Sheldrake: Yes. It must be of enormous advantage; individuals
that bump into others at high speed are obviously going to be at a
disadvantage.
Bekoff: Because of your background your research has people
really thinking. As a culture we tend to worship the hard sciences, physics and
chemistry. So the response is, "Now here's somebody who's trained in
physics and really thinks about these things, so there must be some kind of material
foundation for this stuff." What you're doing is going to really change
the way people think. I'm grateful that you do it.
Sheldrake: I'm delighted you think that. There are very few
people in the scientific world who can quite see this and cut through the
prejudices that are deeply imbedded during scientific training.

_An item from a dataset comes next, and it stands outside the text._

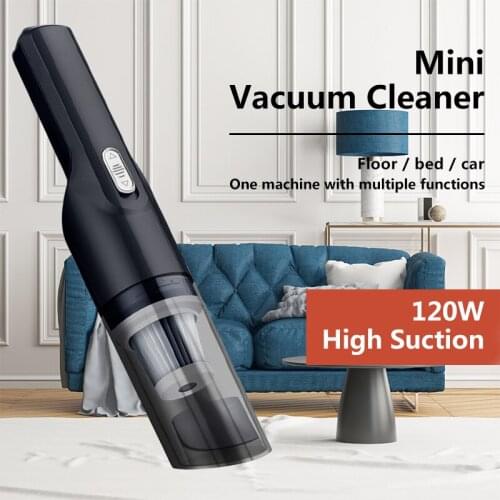 Handheld Vacuum Cleaner 10000Pa Wireless Car Vacuum Cleaner High Suction Household Appliances Car Products Car Vacuum Cleaner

Bekoff: I really do believe that people are simply afraid at a
deep level of what this could all mean in terms of how we interact with nature
and other animals. I've been working with Michael Tobias, who has written an
excellent book entitled World War III. He works with environmental problems and
with animals, and one of the things that we talk about is just how differently
people talk about and view the world compared with how they actually treat the
world. If dogs could be telepathic and if chimpanzees do feel intense grief -
as Jane Goodall has shown - what this would mean is that animals are not
objects and we can no longer treat them as objects. They're not mere things for
us to do with what we please. The whole world is alive. I hope people pick up
on this, and I believe that they will. Obviously the way we've been doing
things for the last couple of centuries hasn't worked.